Die 25-Jährige aus der Kleinstadt Albemarle in North Carolina hat ein aufregendes Jahr 2011 hinter sich. Persönliches Top-Ereignis war dabei zweifelsfrei die Hochzeit mit Songwriter Kyle Jacobs. Mit ihm zusammen verfasste Kellie auch "Mother's Day", einen der insgesamt elf neuen Songs. Eine intensive und autobiographische Acoustic-Ballade, in der die Sängerin ihre Gedanken zum Muttertag zum Ausdruck bringt, der - wirft man einen Blick auf ihre Biografie - alles andere als ein Feiertag für Kellie ist. Berührend und schön zugleich.
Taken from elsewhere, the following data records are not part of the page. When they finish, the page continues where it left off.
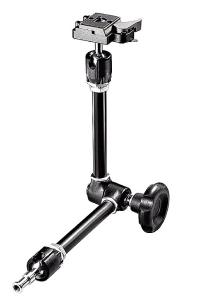 Manfrotto Magic Arm in zwei Ausfhrungen 143 hlt fester, 244 ist praktischer in der Bedienung. Befestigung mit Super Clamp 035 oder 635, alternativ Magnetfu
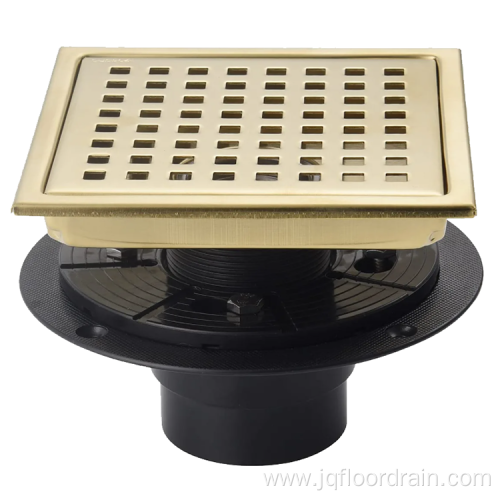 Stainless steel square gold Floor drain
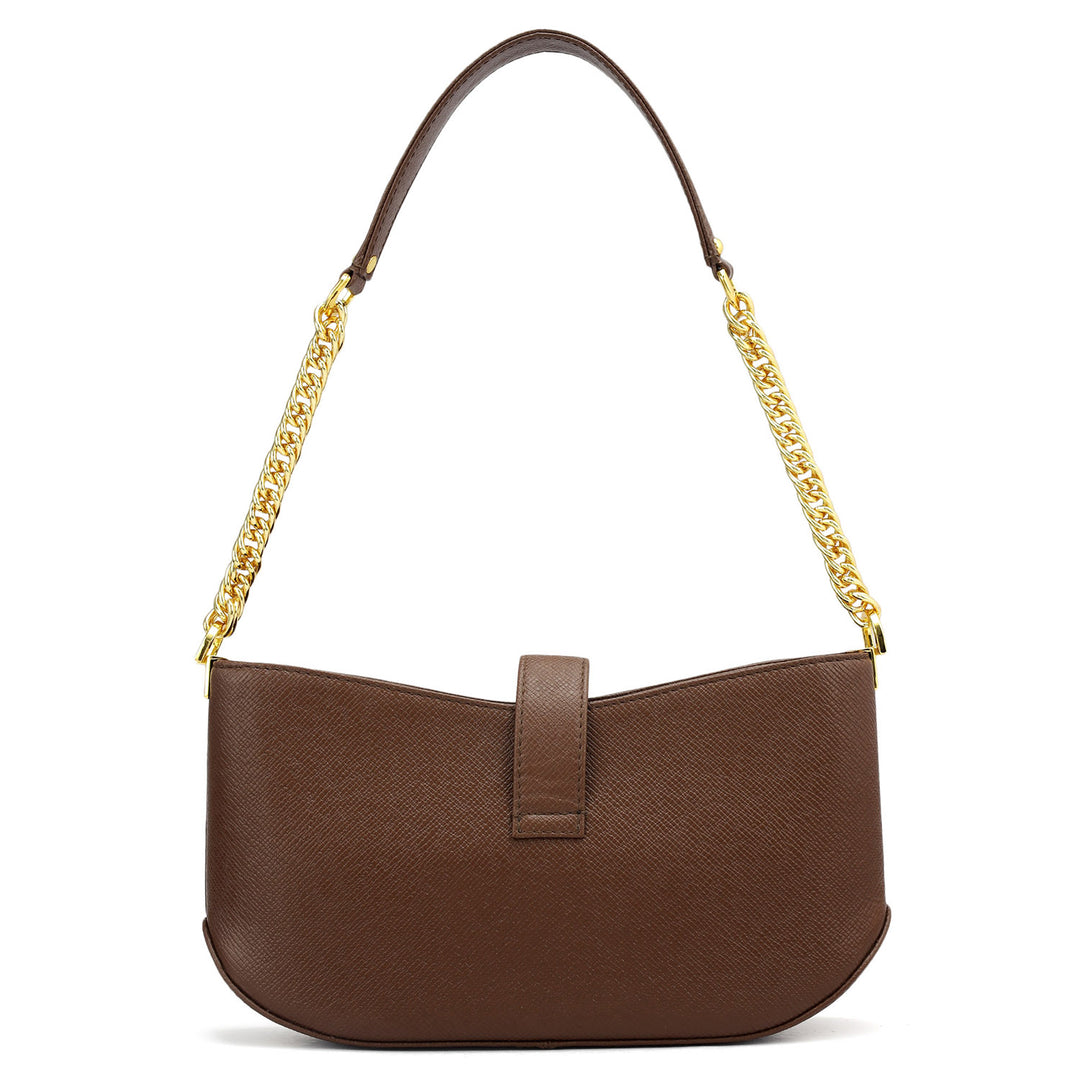 Small Franzy Leather Baguette  - Date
Insgesamt war die Blondine an der Entstehung von sechs Songs beteiligt. Das schlägt sich durchaus in den Inhalten wieder. So ist der offene Brief an ihren Vater ("The Letter"), der lange mit seiner Alkoholsucht zu kämpfen hatte, ein weiterer, sehr persönlicher Song.
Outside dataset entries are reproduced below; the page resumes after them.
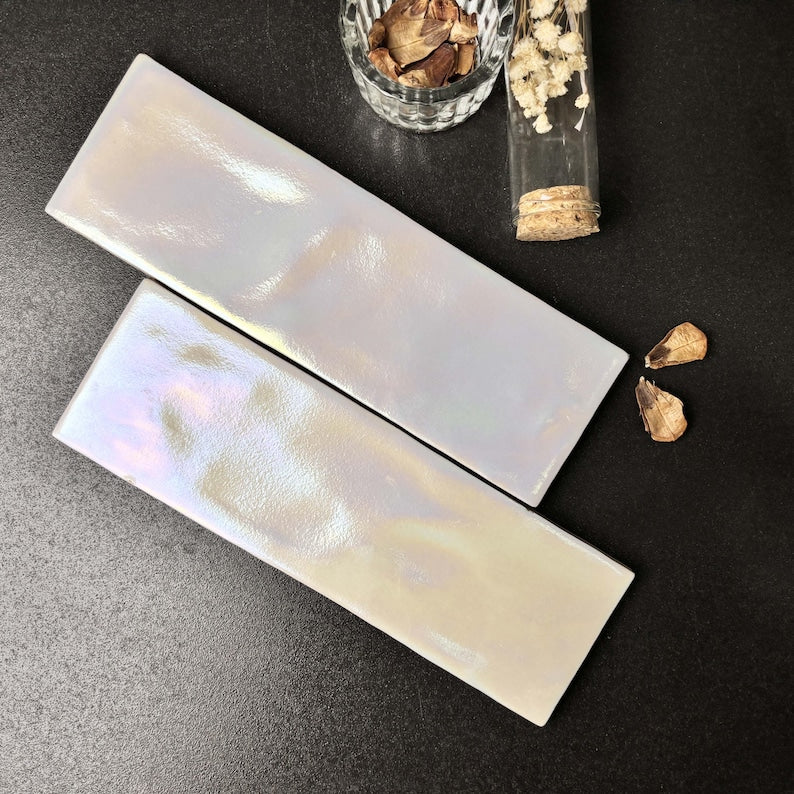 Vibrant Rainbow Iridescent Subway Tile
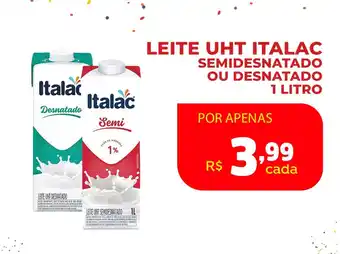 Veran Supermercados Leite uht italac semidesnatado ou desnatado oferta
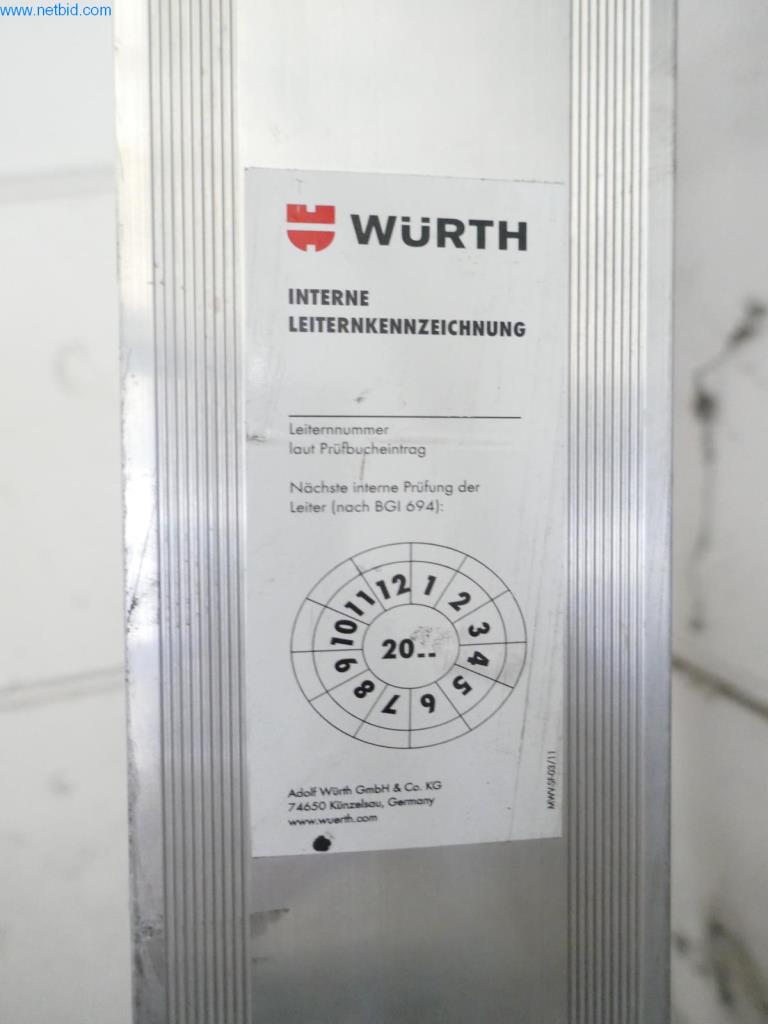 Used Würth Aluminum stepladder for Sale (Auction Premium) | NetBid Slovenija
Schnellere Lieder für den Einsatz im Radio hat die ehemalige High School Beauty Queen natürlich auch mit an Bord. Im Gegensatz aber zu einigen früheren, manchmal sehr simpel gestrickten Stücken, dominieren hier öfter satte Countryklänge. Bestes Beispiel dafür ist der kesse Opener "Where's Tammy Wynette". Ein hochwertiger und mitreißender Countrysong aus der Feder von Leslie Satcher, Don Poythress und Jimmy Ritchey. Hier wird sofort hörbar, dass Kellie und ihre Produzenten Frank Lidell und Luke Wooten für die Aufnahmen wieder einige der besten Studio-Cracks angeheuert haben. So mischt neben vielen alten Bekannten Paul Franklin an der Steel Guitar mit, der mit seinen flinken Fingern schon Alben von Shania Twain, George Strait, Alan Jackson oder Reba veredelt hat.
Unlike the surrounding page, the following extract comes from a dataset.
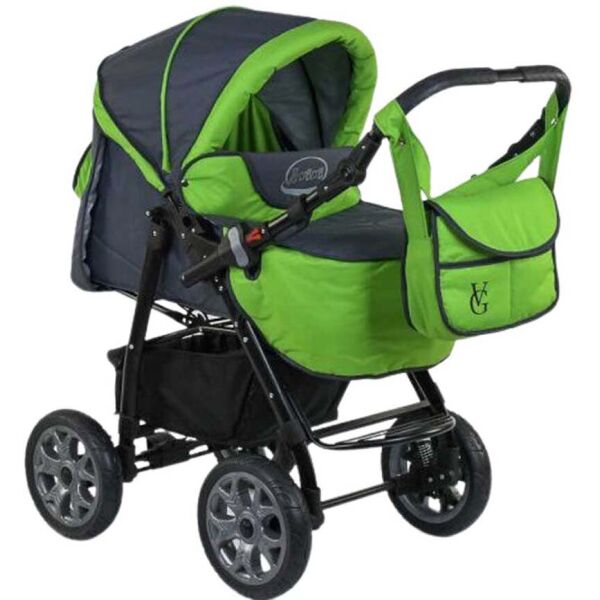 

Детская коляска Viki Karina 86- C15 Темно-серый с салатовым 20079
Ein weiteres Beispiel für perfektes Pedal Steel-Spiel findet sich im sehr traditionell angelegten "Stop Cheatin'On Me". Der eingängige Song mit satter Fiddle, der inhaltlich hoffentlich nichts mit der Ehe der Sängerin zu tun hat, sollte es nicht schwer haben, sich in den Jukeboxen der Tanzbars zum Dauerbrenner zu entwickeln. Die wenigen, neuen Fotos im Booklett passen ebenfalls zur Musik. Nicht so künstlich, sondern eher natürlich zeigt sich die Sängerin darauf - obwohl sie immer noch eine Vorliebe für tiefe Dekolletés hat. Aber das hat der Karriere einer Dolly Parton auch nicht geschadet.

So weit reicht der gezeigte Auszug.